┌──
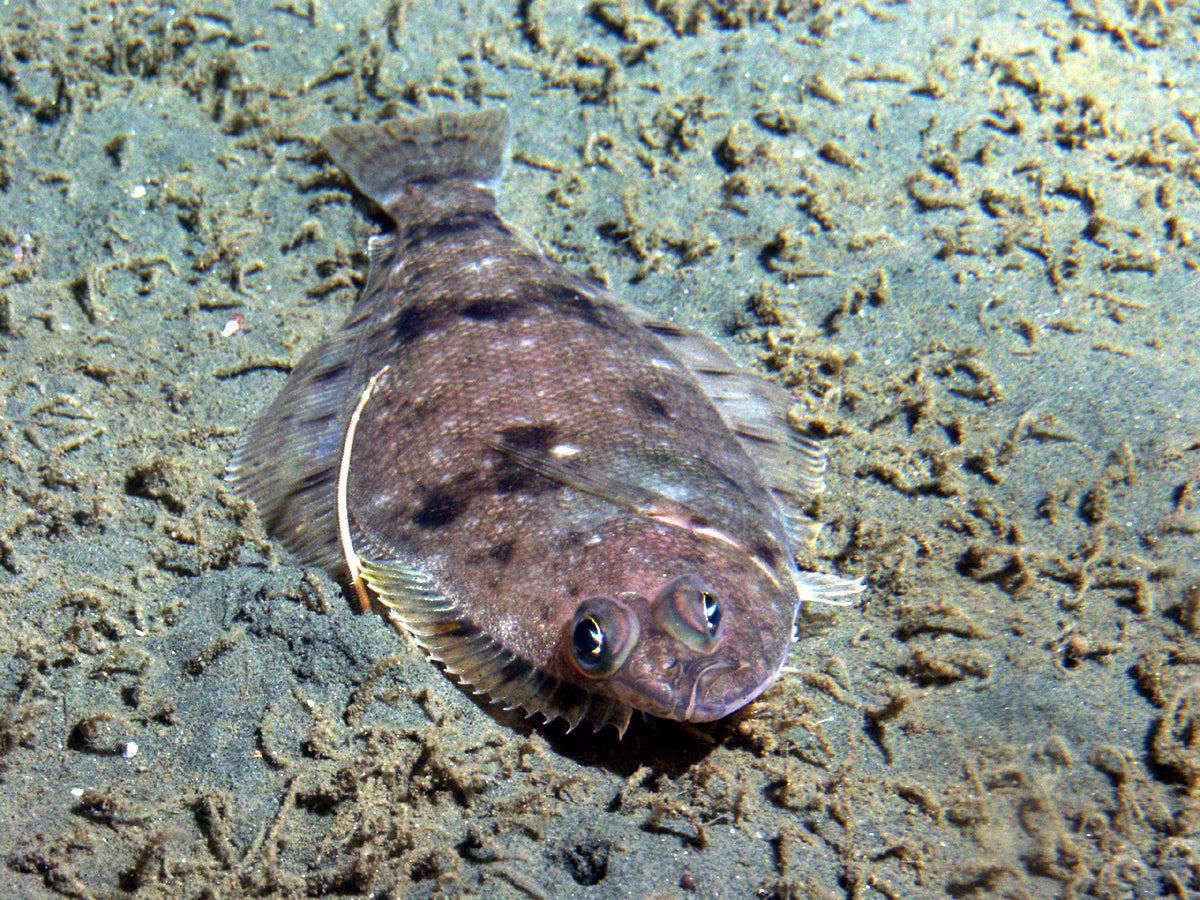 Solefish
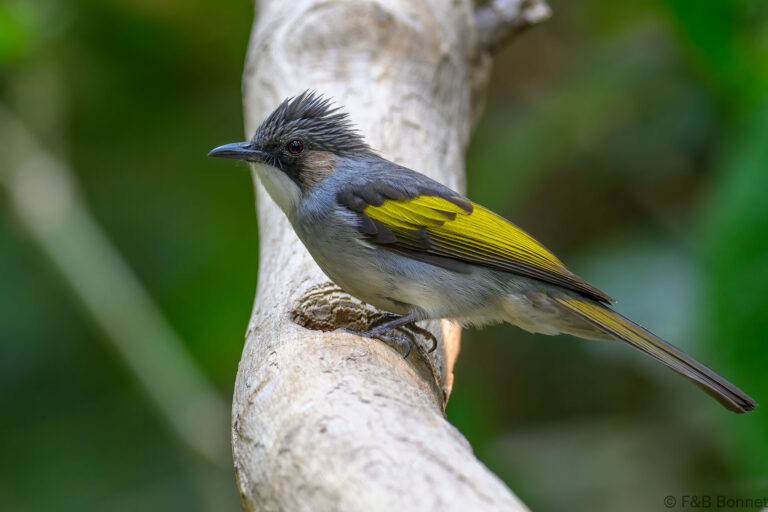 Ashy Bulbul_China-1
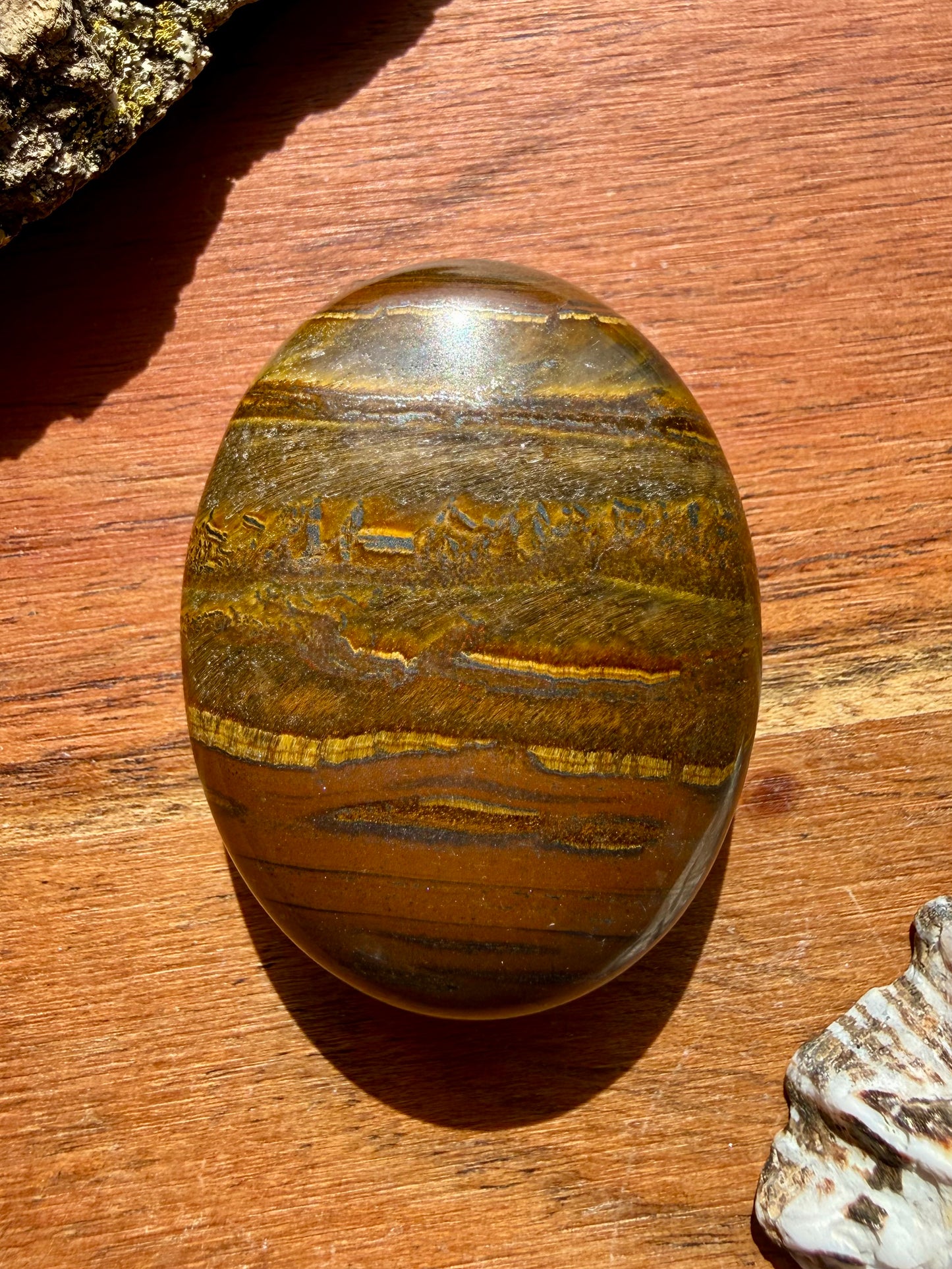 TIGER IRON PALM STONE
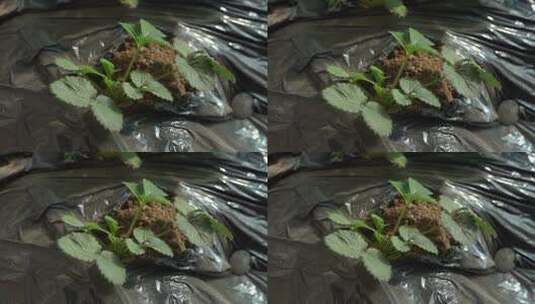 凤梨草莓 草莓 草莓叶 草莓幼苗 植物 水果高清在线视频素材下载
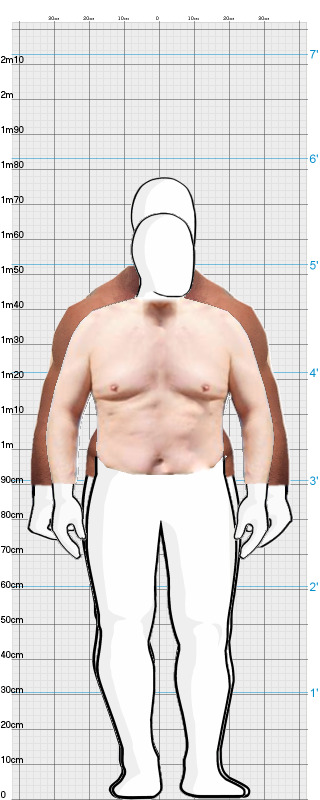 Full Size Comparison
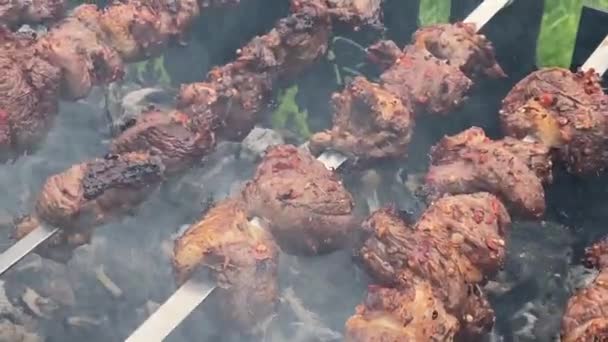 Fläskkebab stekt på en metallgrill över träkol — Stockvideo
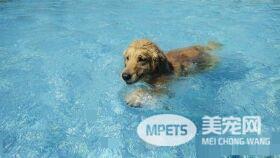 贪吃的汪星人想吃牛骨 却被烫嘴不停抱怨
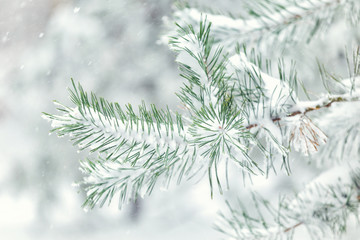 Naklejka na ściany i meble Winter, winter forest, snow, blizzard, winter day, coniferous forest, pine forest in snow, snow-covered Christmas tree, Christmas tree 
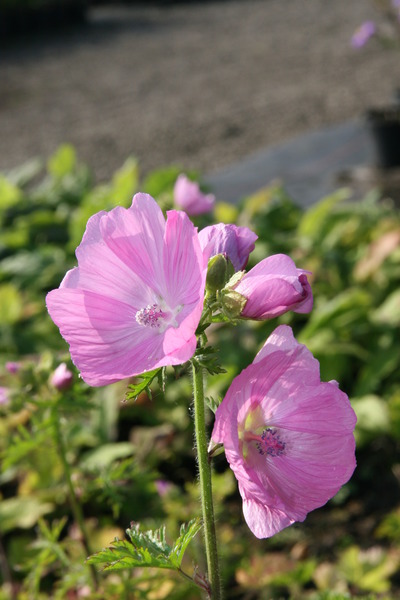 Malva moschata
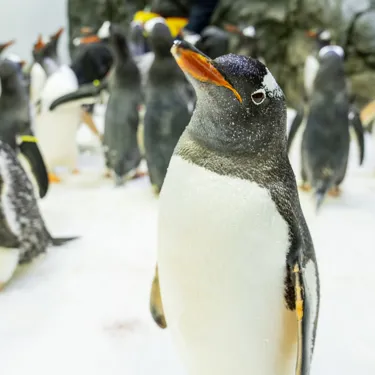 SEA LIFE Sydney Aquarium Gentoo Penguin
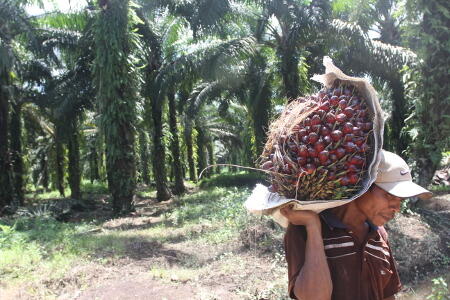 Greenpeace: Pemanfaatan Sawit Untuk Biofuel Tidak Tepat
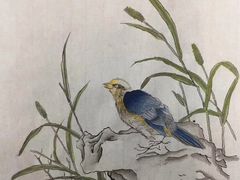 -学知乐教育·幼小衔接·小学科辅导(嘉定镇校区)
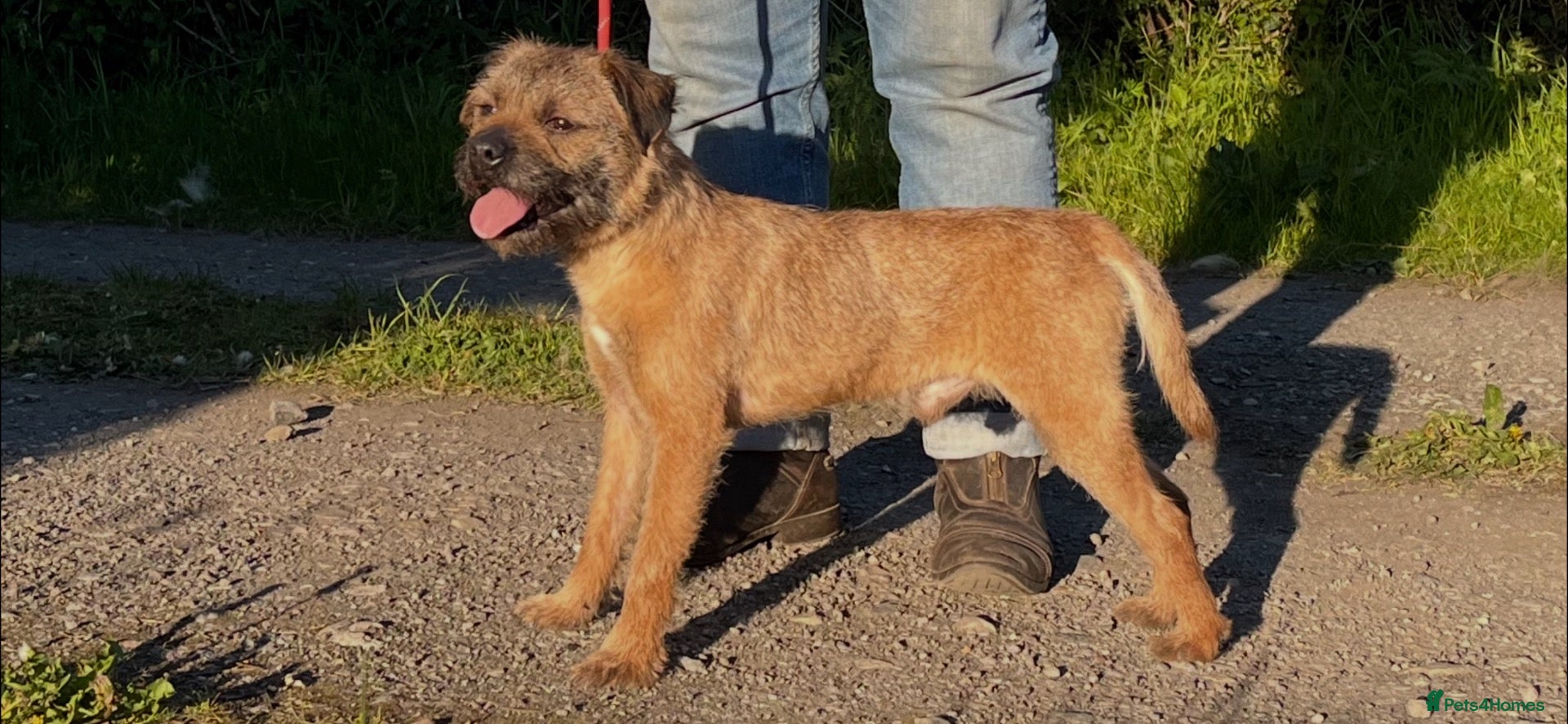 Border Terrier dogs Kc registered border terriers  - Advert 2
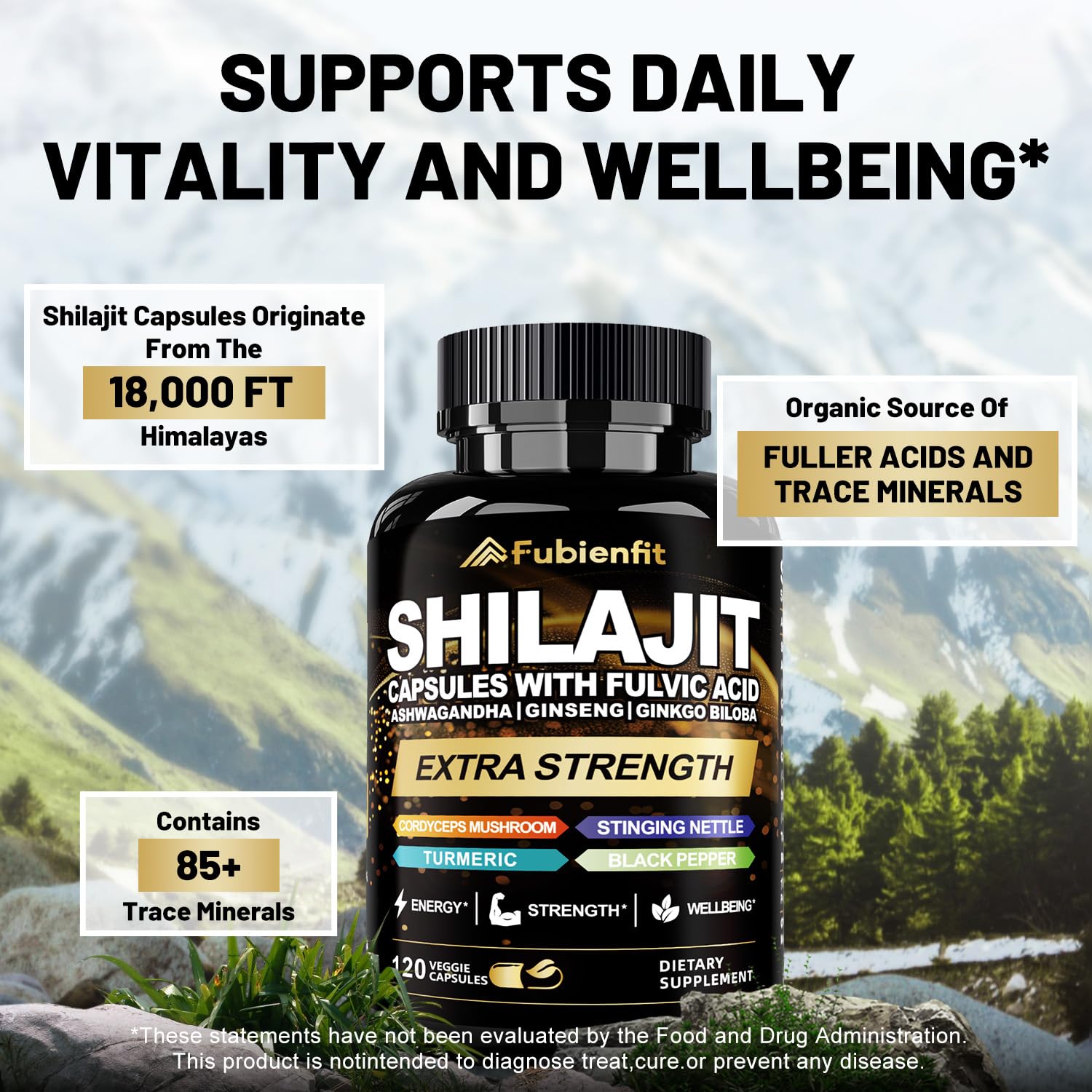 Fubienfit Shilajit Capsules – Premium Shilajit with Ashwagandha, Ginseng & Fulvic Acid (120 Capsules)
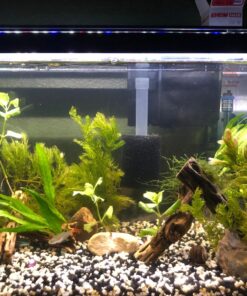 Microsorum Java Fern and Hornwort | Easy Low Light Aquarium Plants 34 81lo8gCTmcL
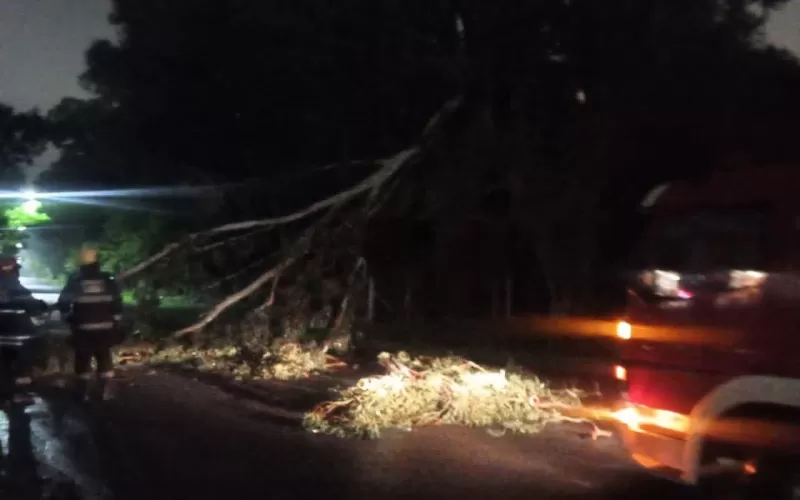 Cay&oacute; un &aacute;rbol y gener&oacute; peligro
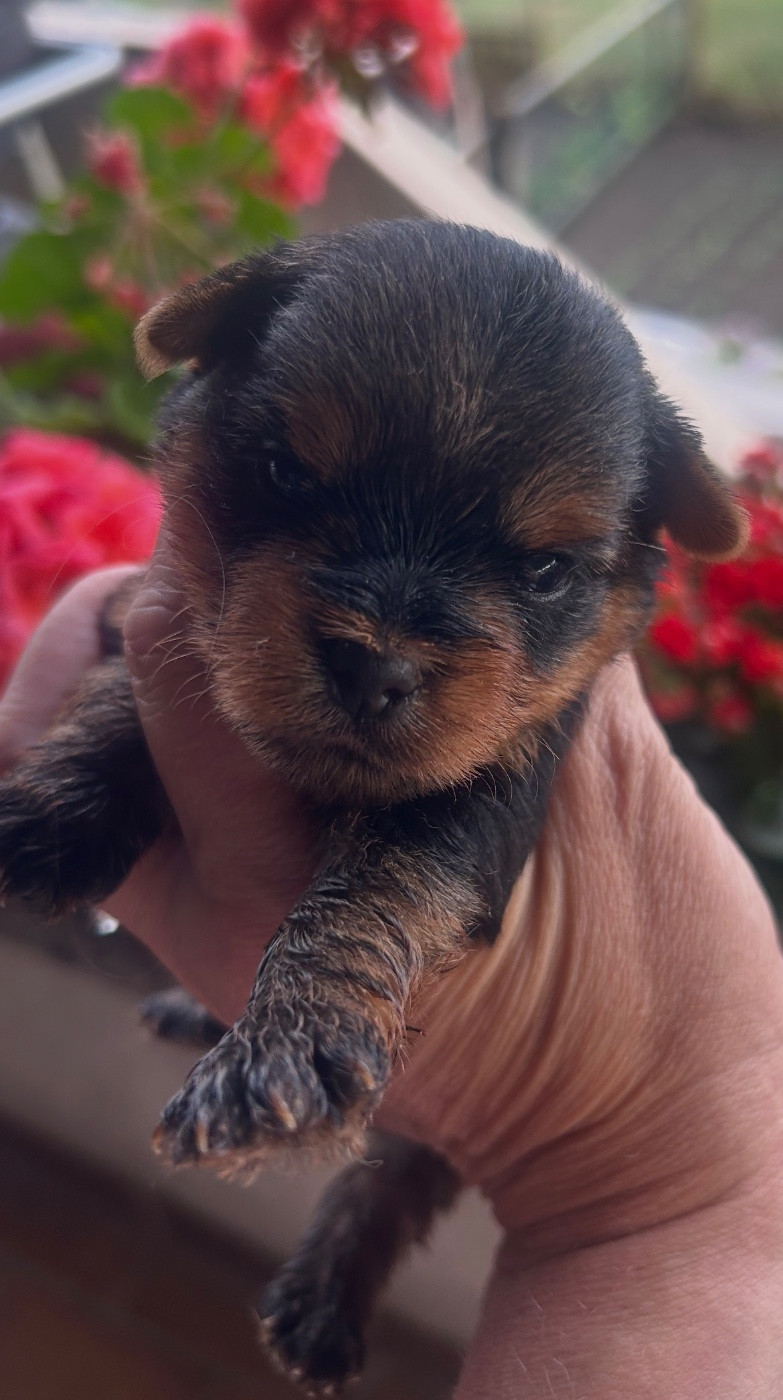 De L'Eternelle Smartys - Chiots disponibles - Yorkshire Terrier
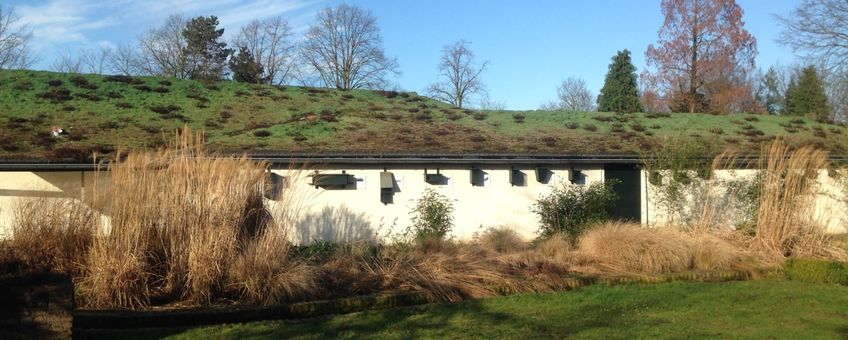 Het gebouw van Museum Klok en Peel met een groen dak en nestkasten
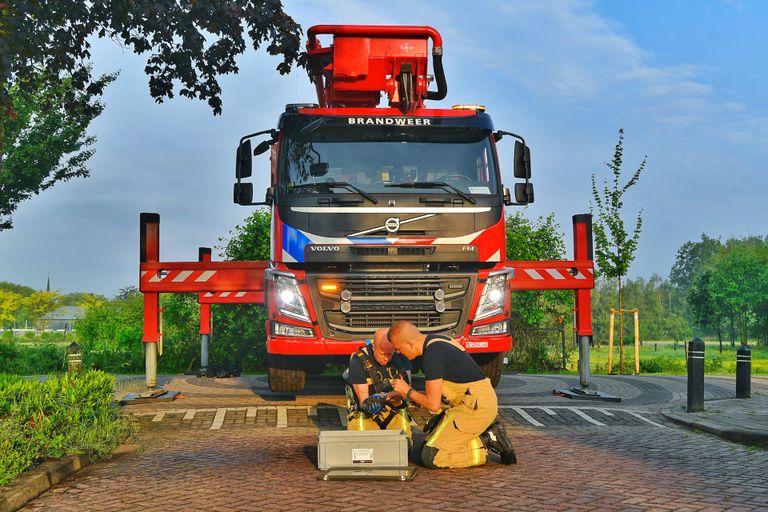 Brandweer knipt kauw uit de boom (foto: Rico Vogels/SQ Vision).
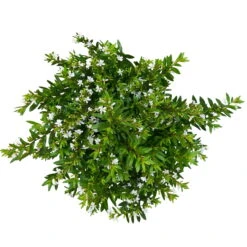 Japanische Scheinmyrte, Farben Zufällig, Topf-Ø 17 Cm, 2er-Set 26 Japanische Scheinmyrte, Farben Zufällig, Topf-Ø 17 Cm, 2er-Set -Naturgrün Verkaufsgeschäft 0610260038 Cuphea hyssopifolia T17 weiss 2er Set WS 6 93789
└──
- Task directions -
Beginning at the first line of the listing, print each line exactly until and including the one that has "Brandweer knipt kauw"; skip pictures.

- Result -
 Solefish
 Ashy Bulbul_China-1
 TIGER IRON PALM STONE
 凤梨草莓 草莓 草莓叶 草莓幼苗 植物 水果高清在线视频素材下载
 Full Size Comparison
 Fläskkebab stekt på en metallgrill över träkol — Stockvideo
 贪吃的汪星人想吃牛骨 却被烫嘴不停抱怨
 Naklejka na ściany i meble Winter, winter forest, snow, blizzard, winter day, coniferous forest, pine forest in snow, snow-covered Christmas tree, Christmas tree 
 Malva moschata
 SEA LIFE Sydney Aquarium Gentoo Penguin
 Greenpeace: Pemanfaatan Sawit Untuk Biofuel Tidak Tepat
 -学知乐教育·幼小衔接·小学科辅导(嘉定镇校区)
 Border Terrier dogs Kc registered border terriers  - Advert 2
 Fubienfit Shilajit Capsules – Premium Shilajit with Ashwagandha, Ginseng & Fulvic Acid (120 Capsules)
 Microsorum Java Fern and Hornwort | Easy Low Light Aquarium Plants 34 81lo8gCTmcL
 Cay&oacute; un &aacute;rbol y gener&oacute; peligro
 De L'Eternelle Smartys - Chiots disponibles - Yorkshire Terrier
 Het gebouw van Museum Klok en Peel met een groen dak en nestkasten
 Brandweer knipt kauw uit de boom (foto: Rico Vogels/SQ Vision).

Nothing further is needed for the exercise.